Just before my diaconate ordination about 12 years ago, I went with a seminary professor and about 50 older adults to the Holy Land. I was just a layman and I paid for myself via donors, not the seminary. My seminary professor wanted nothing to do with me (yes, even back then!) so I ended up wandering the streets of Jerusalem one evening. (Earlier that week, I had hoped for really cool graces at the location where Jesus was executed, but felt little consolation.)
However, that evening of wandering old Jerususalem, I came into the Church of the Holy Sepulchre and inside that Church is both the location where Christ died and where he rose. Where Christ rose is a now a chapel inside a Church (as seen in the above photo.) I went in there as the Church was closing. Now, normally, the line is so long that you only get 5 minutes in there. However, even the Orthodox running that place lost track of me and I got to spend 30 minutes in there.

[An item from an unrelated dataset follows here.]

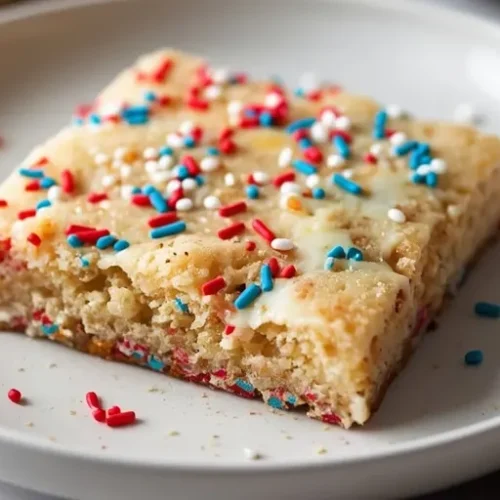 patriotic sprinkle sugar cookie bars recipe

What I received in there was the greatest non-sacramental grace of my life. The reason I know it wasn’t my imagination just projecting consolation onto my emotions is because I expected all the graces at the altar of Calvary (see first paragraph above) and had got nothing. By this point, I had given up on any consolation from God or man. But what happened next, I wrote in my journal about 10 years ago, maybe two years after it happened. I usually don’t share things from my journal, but this internal experience at the tomb of the Resurrection is worth sharing here:
In 2007 I went to the Holy Land with [seminary professor] and 40 others. [Seminary professor] couldn’t even look at me or bare the sound of me talking. One woman on our group started a fight with me for arguing against the modernism of our Palestinian tour group leader. I expected all kinds of grace at the foot of Calvary and felt nothing. So, one night I snuck away to the same Church but a different location: The Holy Sepulchre, but this time I went to the tomb where Jesus rose. Normally, the lines are so long, that each person only gets 30 seconds, since only two people fit in there at a time. But, I happened to show up 30 minutes before they were closing, so almost everyone was ushered out. Somehow I was able to go into the tomb for 20 minutes. I was neither seen nor sneaky but I just went in, alone. Within 10 minutes, I can say that the power of God I felt in there was greater than my ordination day (a year later.) God literally changed the orientation or size or brightness of my soul or something in there that day, making me as sure as the nose of my face not only that Jesus rose from the dead, but that He rose there. Right there. And I felt the power of this Resurrection as the most powerful thing in my life. My soul changed that day like when Jesus breathed on the Apostles after his Resurrection to turn them from cowards into those inebriated with the Holy Spirit. I left, just that way, so on fire that even my Muslim barber was fascinated by my on-fire evangelization. Janet later saw me and said I was walking on air and looked different as I returned to the hotel that night. Objectively, besides my baptism (and ordination) it had to have been the single greatest supernatural Grace that God has ever given me. But subjectively, it was definitely the greatest grace I’ve ever received.